Philemon is Paul’s shortest letter. He wrote it in prison, and it is addressed to Philemon, who administered a house church in Turkey’s Lycus Valley, between Colossae and Laodicea. Paul’s letter to Philemon was, in the nineteenth century, used to defend both slavery and its abolition. The letter speaks of Paul’s endorsement of the house slave Onesimus, who Paul sends back to the church in Lycus Valley not as house slave, but as minister and assistant to Philemon.
This letter is not about slavery, though. It is about human dignity and Paul’s ability to propagate the faith while still in prison, by making good use of the men and women around him. Onesimus, whose name ironically means “useful,” was imprisoned with Paul at Ephesus. Paul instructs Onesimus in the faith. As Onesimus is about to be released, he sends him back to the Lycus Valley, not as a prisoner, but as a brother. Paul also instructs us with his polite language, preferring to ask rather than to order the church leader Philemon to take in Onesimus. Paul is so impressed with Onesimus that he promises to pay any past debt incurred by Onesimus.
The Orthodox churches believe that the former slave “Onesimus” mentioned in Paul’s letter is the same Onesimus who becomes the episkopos of Ephesus in 54 AD. If Paul wrote from prison in Ephesus, it is entirely possible that his letter to Philemon was intended to be a very understated, if not coded, endorsement of the ministry Onesimus was about to undertake. Paul’s defense of Onesimus and his petition to Philemon is rhetoric at its best, and the Letter to Philemon is considered a prime example of Paul’s ability to persuade with the written word.
For I have experienced much joy and encouragement from your love, because the hearts of the holy ones have been refreshed by you, brother. Therefore, although I have the full right in Christ to order you to do what is proper, I rather urge you out of love, being as I am, Paul, an old man, and now also a prisoner for Christ Jesus. I urge you on behalf of my child Onesimus, whose father I have become in my imprisonment, who was once useless to you but is now useful to (both) you and me.

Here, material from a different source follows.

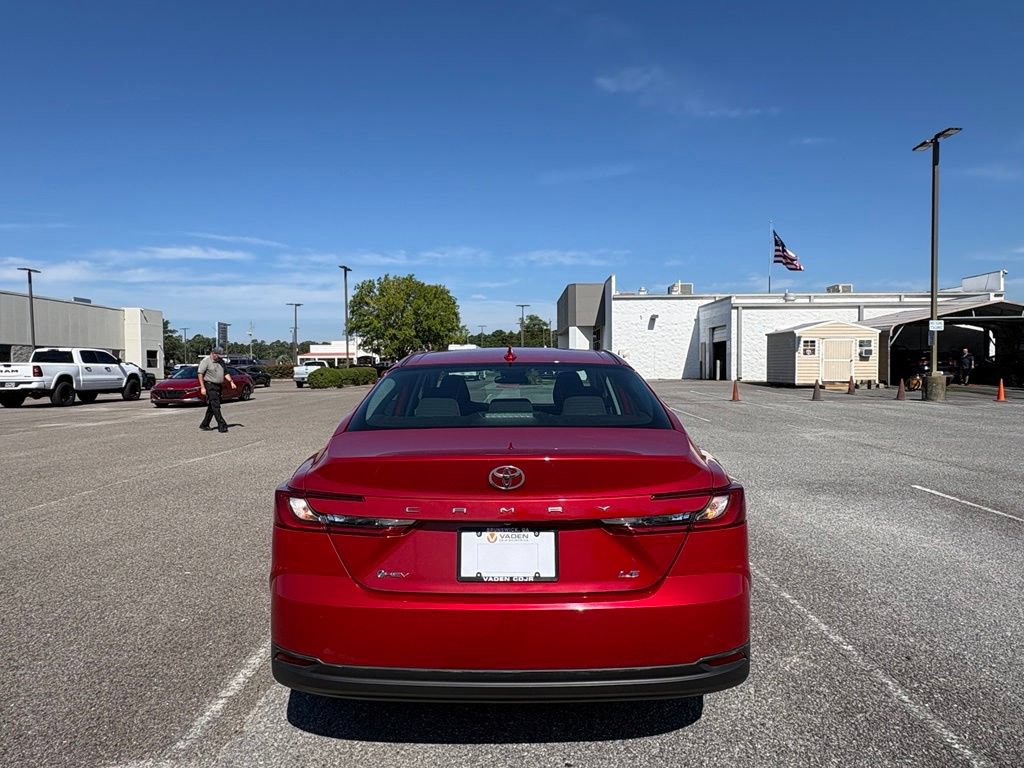 Used 2025 Toyota Camry LE FWD image 4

I am sending him, that is, my own heart, back to you. I should have liked to retain him for myself, so that he might serve me on your behalf in my imprisonment for the gospel, but I did not want to do anything without your consent, so that the good you do might not be forced but voluntary. Perhaps this is why he was away from you for a while, that you might have him back forever, no longer as a slave but more than a slave, a brother, beloved especially to me, but even more so to you, as a man and in the Lord. So if you regard me as a partner, welcome him as you would me. And if he has done you any injustice or owes you anything, charge it to me.